男性が女装したい本当の理由

 かなりの割合でやってみたい男性がいる女装ですが、その願望にもいくつか種類があるようです。

 まず、肉体的な性と精神的な性での食い違いで違和感がある人には真剣な話です。女装することで心が安定するケースもあるかもしれません。

 そうでない場合の「変身願望説」は、日常に飽きたときの、ちょっとした刺激剤みたいなもの。少し前にも、俳優の浅野忠信さんがインスタグラムにアップした、金髪やボブにリボンという女装風写真に反響がありました。これは、ただの加工のいたずら。日常に刺激を与える楽しみ方の一つではないでしょうか。
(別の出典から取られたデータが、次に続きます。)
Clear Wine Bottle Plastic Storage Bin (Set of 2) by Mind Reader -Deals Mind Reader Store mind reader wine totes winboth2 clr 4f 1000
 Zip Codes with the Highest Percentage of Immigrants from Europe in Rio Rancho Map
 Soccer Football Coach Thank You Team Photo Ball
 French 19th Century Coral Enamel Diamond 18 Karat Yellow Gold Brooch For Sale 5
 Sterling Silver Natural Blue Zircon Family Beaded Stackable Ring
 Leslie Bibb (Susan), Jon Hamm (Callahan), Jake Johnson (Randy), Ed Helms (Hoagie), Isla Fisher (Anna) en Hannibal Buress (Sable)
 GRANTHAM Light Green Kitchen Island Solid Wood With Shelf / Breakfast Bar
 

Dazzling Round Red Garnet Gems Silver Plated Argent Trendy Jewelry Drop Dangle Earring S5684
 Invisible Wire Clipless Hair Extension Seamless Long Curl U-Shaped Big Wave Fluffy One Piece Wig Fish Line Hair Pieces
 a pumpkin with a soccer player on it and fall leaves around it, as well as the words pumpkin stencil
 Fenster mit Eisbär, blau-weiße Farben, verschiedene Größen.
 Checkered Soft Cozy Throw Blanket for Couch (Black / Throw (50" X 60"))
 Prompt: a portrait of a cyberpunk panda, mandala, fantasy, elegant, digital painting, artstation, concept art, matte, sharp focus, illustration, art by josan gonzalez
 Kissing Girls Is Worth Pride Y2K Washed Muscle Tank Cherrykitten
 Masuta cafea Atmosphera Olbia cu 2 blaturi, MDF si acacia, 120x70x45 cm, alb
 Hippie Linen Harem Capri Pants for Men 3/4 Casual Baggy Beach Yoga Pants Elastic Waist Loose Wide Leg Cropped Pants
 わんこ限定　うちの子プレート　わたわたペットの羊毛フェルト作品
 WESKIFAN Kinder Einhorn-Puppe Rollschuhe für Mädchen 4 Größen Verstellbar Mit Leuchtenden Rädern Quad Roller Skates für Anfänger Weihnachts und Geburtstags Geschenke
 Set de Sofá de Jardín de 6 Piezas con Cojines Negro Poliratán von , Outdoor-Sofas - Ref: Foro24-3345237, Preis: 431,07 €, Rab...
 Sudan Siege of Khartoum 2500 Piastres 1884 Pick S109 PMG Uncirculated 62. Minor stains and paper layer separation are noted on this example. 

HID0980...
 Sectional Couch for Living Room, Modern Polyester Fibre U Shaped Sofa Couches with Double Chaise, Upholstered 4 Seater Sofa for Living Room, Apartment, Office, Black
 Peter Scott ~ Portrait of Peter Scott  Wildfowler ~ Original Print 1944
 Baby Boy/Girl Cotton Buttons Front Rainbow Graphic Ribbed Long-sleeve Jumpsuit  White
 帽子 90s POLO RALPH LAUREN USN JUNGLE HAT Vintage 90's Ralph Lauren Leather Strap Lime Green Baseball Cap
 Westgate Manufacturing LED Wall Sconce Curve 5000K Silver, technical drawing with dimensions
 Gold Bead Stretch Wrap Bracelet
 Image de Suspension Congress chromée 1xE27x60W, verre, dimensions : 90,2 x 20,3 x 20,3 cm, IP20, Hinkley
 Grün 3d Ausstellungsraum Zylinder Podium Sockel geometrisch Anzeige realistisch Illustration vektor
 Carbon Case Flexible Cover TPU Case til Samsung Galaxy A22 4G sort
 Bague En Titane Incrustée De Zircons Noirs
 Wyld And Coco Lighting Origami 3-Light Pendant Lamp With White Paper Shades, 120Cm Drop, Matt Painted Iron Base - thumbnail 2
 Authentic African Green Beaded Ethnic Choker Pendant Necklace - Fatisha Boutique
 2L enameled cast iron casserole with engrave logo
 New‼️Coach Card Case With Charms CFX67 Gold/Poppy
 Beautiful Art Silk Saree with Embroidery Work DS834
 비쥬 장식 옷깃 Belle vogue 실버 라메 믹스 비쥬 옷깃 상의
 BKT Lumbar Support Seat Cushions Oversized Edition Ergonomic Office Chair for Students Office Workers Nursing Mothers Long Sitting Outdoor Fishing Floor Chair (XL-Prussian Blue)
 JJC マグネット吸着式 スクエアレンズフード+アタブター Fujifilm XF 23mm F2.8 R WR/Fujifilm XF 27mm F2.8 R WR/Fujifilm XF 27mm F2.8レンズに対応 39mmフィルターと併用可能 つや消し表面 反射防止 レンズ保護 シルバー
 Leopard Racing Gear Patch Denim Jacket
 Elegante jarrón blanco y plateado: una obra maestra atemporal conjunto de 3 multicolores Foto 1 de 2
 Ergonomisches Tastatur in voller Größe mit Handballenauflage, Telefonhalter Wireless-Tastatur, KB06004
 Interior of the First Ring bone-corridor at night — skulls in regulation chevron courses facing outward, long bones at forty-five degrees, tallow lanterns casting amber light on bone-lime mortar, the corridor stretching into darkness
 そして、女性の服装をして楽しむのは「男性という役割からの解放」という心理学の説もあります。「男は強くなくてはいけない」や「女性を守らなくてはいけない」など、「男はこうであるべき」という社会的に期待されている重責があります。でも、形だけでも女性になることで解放されて快感……というわけです。

 レストランなどのドレスコードでも、女性のサンダルは許されても男性はダメ。さらにはポロシャツであっても、入り口でネクタイを貸し出して着用させられることがあります。ポロシャツにネクタイ姿のほうがよっぽど滑稽に思えますが、決まりは決まり。これがドレスコードであり、社会というものでもあります。

「男子はジャケット着用を強いられることがあるんだよぅ……」心のつぶやき  (C) PIXTA
「男子はジャケット着用を強いられることがあるんだよぅ……」心のつぶやき  (C) PIXTA

 ちょっとおしゃれしていれば幅広く許される女性に比べて、男性は社会的な役割もさることながら、ドレスコードも女性よりも重いこともあるのです。

 さて、イギリスの学校では、その後も「規則がないから短パンはダメ」としているため、しばらく男子生徒はスカートをはき続けていたのだとか。理由はもちろん、暑いし、抗議活動だし、そしてあれこれ……。でも今回の事件を受けて学校側は、「来年は制服の規定に短パンを加えることも検討」とのコメントを発表していました。

 規定が変わって短パンがはけるようになったら、抗議活動は成功! 短パンをはいて満足顔で元気に登校する男の子たちの姿は見られるのでしょうか。スカートがはけなくなることに若干寂しさを感じる子も、もしかしたらいるかもしれませんね。